§ Exercise description: Once you find the line with "Harajuku Autumn Women" in the entries below, return exactly every line from it through the line with "Layered Dainty Lace".

§ Supplied entries:

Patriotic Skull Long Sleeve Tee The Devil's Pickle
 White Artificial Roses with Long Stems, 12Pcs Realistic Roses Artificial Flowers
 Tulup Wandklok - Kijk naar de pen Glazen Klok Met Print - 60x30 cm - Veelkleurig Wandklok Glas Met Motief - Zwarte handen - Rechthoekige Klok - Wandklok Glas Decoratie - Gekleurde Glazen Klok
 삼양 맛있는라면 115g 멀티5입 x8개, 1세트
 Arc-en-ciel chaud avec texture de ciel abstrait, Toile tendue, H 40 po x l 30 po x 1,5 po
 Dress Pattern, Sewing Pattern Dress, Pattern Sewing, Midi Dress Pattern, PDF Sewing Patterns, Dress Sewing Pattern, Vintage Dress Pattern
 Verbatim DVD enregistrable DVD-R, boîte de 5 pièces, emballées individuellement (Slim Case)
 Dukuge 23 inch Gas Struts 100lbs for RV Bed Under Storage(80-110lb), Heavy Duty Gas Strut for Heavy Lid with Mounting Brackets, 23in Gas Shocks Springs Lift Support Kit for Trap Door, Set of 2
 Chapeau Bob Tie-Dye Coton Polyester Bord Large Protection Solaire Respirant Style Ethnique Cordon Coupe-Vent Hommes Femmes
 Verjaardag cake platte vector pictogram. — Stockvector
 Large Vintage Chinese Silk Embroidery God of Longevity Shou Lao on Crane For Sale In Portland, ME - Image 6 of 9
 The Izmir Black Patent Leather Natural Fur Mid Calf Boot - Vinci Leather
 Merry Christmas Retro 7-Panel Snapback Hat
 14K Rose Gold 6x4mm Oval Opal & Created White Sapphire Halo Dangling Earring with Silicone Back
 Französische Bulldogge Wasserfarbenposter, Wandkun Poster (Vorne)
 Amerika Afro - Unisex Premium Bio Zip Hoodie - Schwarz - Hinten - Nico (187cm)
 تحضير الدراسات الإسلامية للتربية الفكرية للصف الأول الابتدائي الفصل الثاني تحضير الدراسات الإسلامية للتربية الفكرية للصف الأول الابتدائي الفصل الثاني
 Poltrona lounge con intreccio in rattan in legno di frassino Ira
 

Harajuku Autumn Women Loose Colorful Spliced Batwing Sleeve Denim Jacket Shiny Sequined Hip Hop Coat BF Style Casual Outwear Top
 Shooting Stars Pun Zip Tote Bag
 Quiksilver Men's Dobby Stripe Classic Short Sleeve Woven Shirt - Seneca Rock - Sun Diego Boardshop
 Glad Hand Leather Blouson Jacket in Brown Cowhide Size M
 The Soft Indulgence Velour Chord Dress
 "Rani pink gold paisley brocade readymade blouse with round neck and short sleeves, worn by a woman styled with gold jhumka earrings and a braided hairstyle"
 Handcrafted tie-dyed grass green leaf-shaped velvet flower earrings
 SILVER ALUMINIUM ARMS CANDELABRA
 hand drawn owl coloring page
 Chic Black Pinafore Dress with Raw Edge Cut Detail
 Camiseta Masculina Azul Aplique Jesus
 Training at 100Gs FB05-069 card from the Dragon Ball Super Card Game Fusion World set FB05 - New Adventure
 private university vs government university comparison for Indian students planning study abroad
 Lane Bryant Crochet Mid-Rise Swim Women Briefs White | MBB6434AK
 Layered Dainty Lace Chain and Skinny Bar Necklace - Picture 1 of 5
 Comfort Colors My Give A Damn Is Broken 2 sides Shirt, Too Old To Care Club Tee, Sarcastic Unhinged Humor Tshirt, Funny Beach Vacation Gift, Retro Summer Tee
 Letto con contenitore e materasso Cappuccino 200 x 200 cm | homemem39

§ Exercise result:
Harajuku Autumn Women Loose Colorful Spliced Batwing Sleeve Denim Jacket Shiny Sequined Hip Hop Coat BF Style Casual Outwear Top
 Shooting Stars Pun Zip Tote Bag
 Quiksilver Men's Dobby Stripe Classic Short Sleeve Woven Shirt - Seneca Rock - Sun Diego Boardshop
 Glad Hand Leather Blouson Jacket in Brown Cowhide Size M
 The Soft Indulgence Velour Chord Dress
 "Rani pink gold paisley brocade readymade blouse with round neck and short sleeves, worn by a woman styled with gold jhumka earrings and a braided hairstyle"
 Handcrafted tie-dyed grass green leaf-shaped velvet flower earrings
 SILVER ALUMINIUM ARMS CANDELABRA
 hand drawn owl coloring page
 Chic Black Pinafore Dress with Raw Edge Cut Detail
 Camiseta Masculina Azul Aplique Jesus
 Training at 100Gs FB05-069 card from the Dragon Ball Super Card Game Fusion World set FB05 - New Adventure
 private university vs government university comparison for Indian students planning study abroad
 Lane Bryant Crochet Mid-Rise Swim Women Briefs White | MBB6434AK
 Layered Dainty Lace Chain and Skinny Bar Necklace - Picture 1 of 5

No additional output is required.